Collected data:
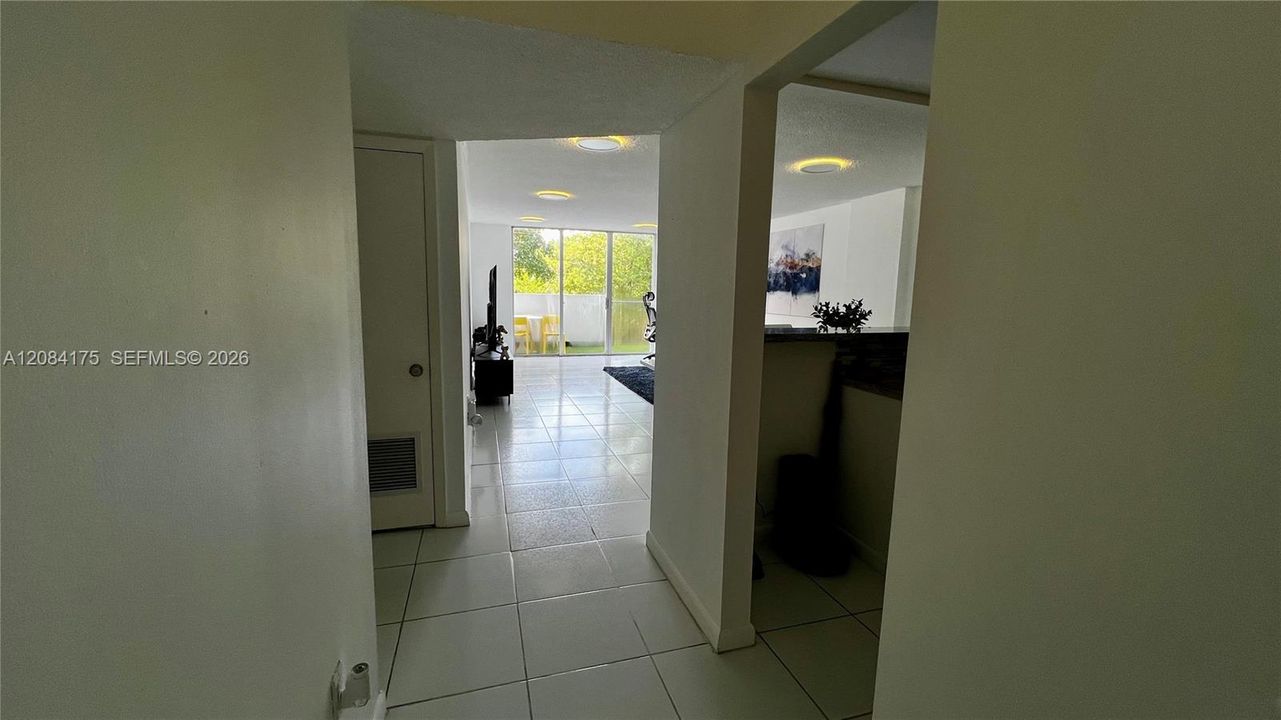 For Sale: $190,000 (1 beds, 1 baths, 887 Square Feet)
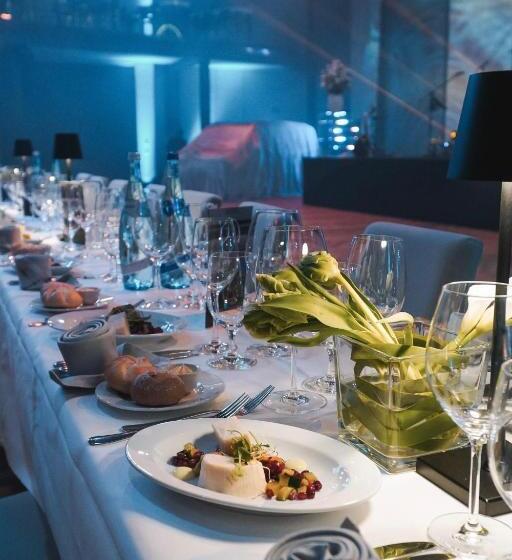 فندق Im Zentrum Für Visionen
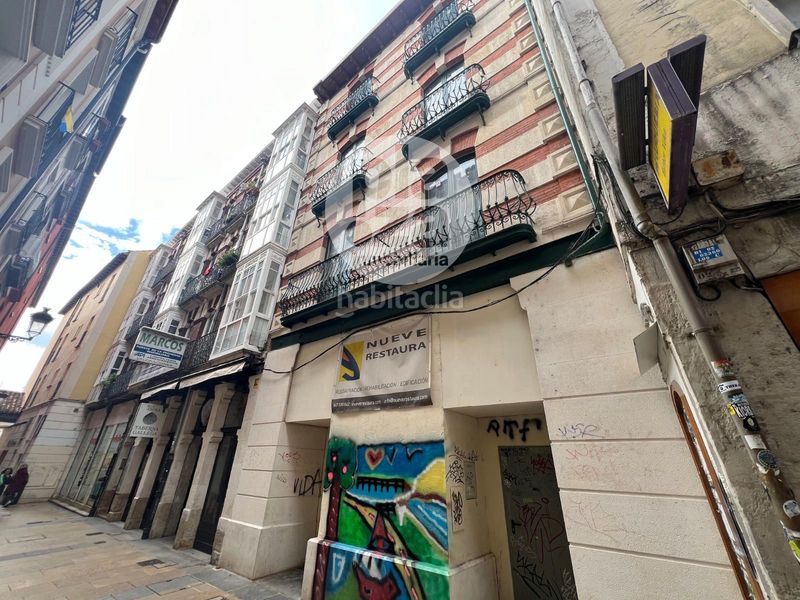 Foto e7c94518-6859-4f79-9608-073b270c72f4. Edificio  singular junto plaza mayor en Casco Antiguo Burgos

To do: Leave out the pictures, and please output only the lines from the line that contains "فندق Im Zentrum Für Visionen" through the end of the data, both ends included.

Output:
 فندق Im Zentrum Für Visionen
 Foto e7c94518-6859-4f79-9608-073b270c72f4. Edificio  singular junto plaza mayor en Casco Antiguo Burgos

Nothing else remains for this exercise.